Statistics South Africa adjusted its national food poverty line to R624 on September 9. In South Africa, more than 10 million people go hungry, many in rural communities. According to the National Food Consumption Survey, “Most rural people have very limited species and typically consume inadequate food in gardens and orchards.
Few South Africans have access to nutritious, nutritious food. According to the May 2021 home care index, the average food basket costs more than 300 rubles in September last year. The report was compiled by the Economic Justice and Honor Group, which monitors food prices from 44 supermarkets and 30 butchers’ restaurants in Johannesburg, Durban, Cape Town, Petmaryzburg and Springbock, North Cape.
Some recipients could afford to buy anything because they could afford it. The 23-year-old Tesso Masiteng, from Malanga, says most of her transportation and banking expenses have been wasted. “The bank charged me and I left 3110 myself. The nearest Capitol branch was 35 km away, so I took three taxis to get there. To get there, I also spent R76 and R76 on the way back.
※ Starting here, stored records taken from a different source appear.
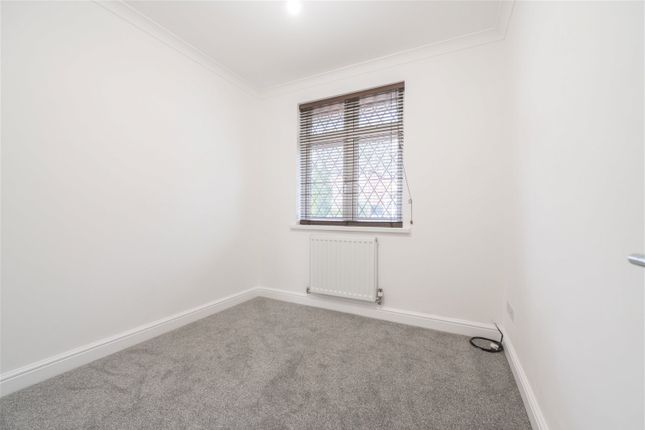 Detached house to rent in Rossington Avenue, Southampton, Hampshire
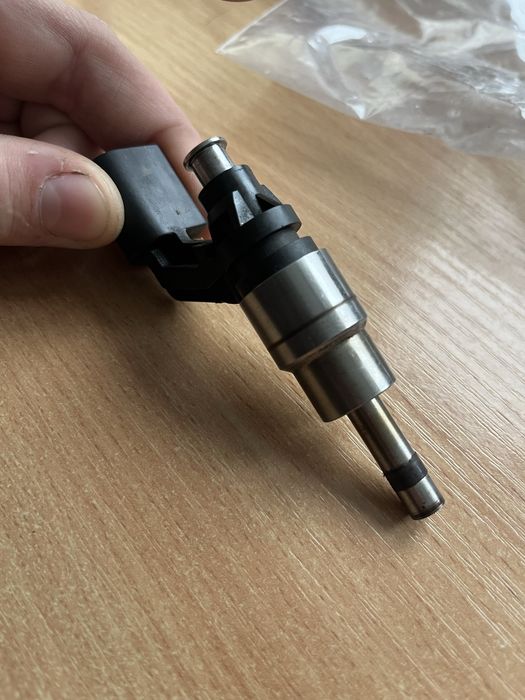 Продам форсунку на Golf 4 1.6 FSI
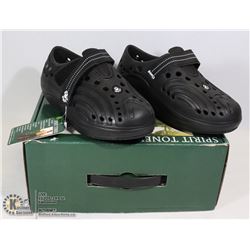 DAWGS WOMENS SPIRIT TONER CLOG BLACK SIZE 5/35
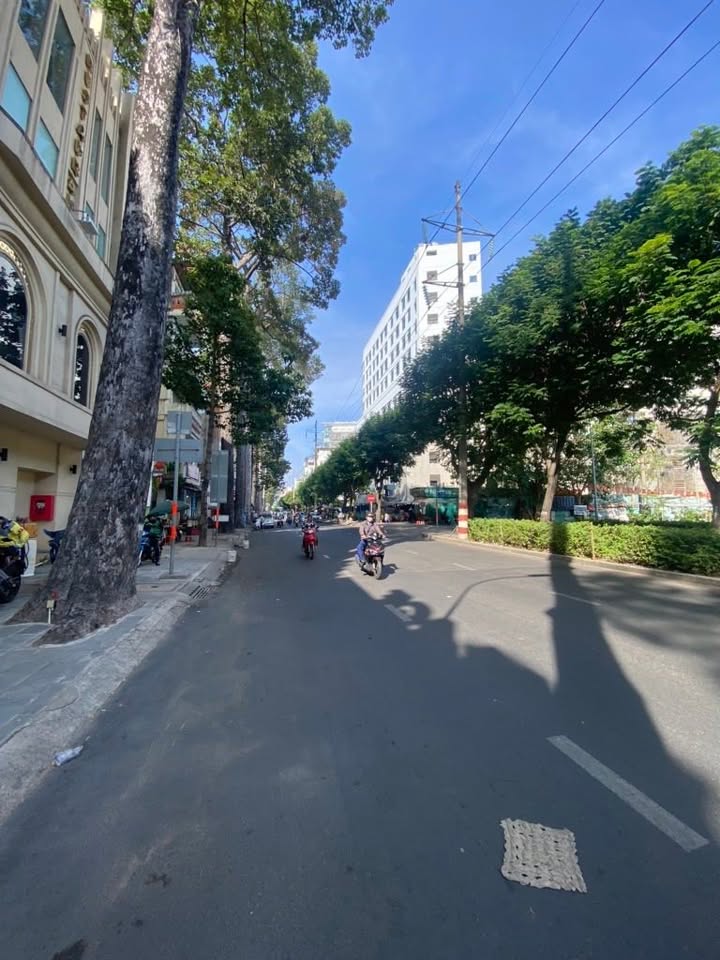 Nhà mặt tiền Đường Hùng Vương, Quận 5, 32m² giá 13.5 tỷ - Cơ hội đầu tư tuyệt vời!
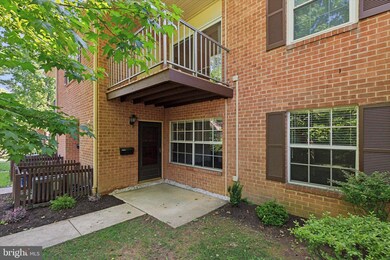 496 Old Forge Crossing unit 496, Devon, PA 19333 - photo 3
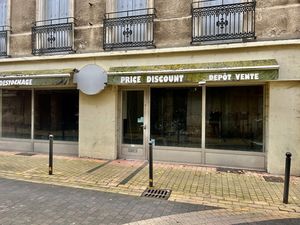 Villeneuve sur Lot  local commercial à rénover de 90 m² situé au centre ville sur un axe e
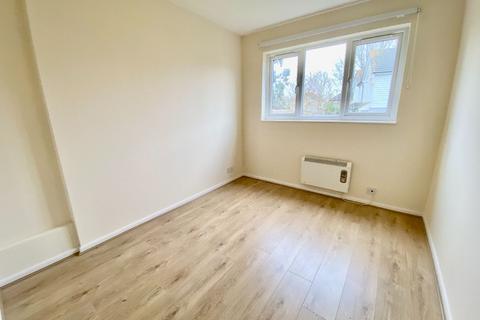 undefined, Holland Close, Romford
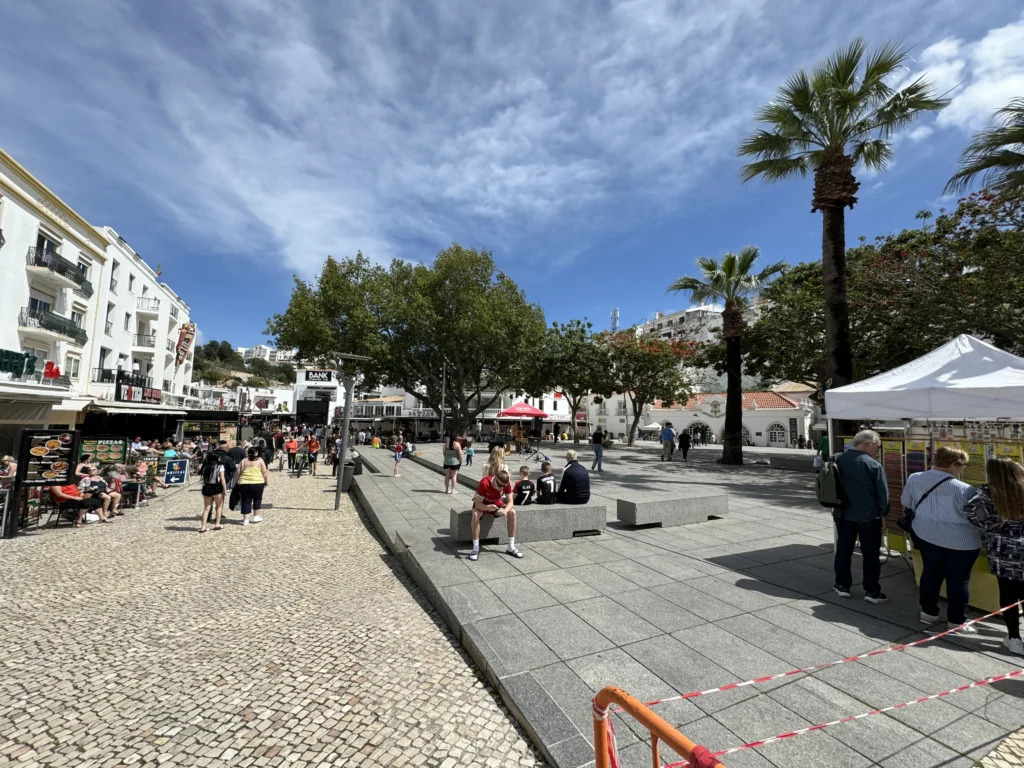 Largo Engenheiro Duarte Pacheco in Albufeira, Portugal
In fact, I could only buy information. ”
Recipients often have to wait in line at the post office to receive their money. The South African Social Security Agency has been encouraging recipients to deposit the money directly into their bank accounts, which is more convenient.
Although Musomi may not be able to provide other basic necessities such as clothing, information, toiletries, and transportation, she hopes to one day find a job to buy things for herself and her family.
“My biggest wish is to be able to buy a house for my sisters. Now we are scattered, the others are working in Jobberg, and we all need a house where we can come. If it weren’t for financial challenges, I would like to study office management, change the situation at home and not rely on R350 aid, ”said Moses.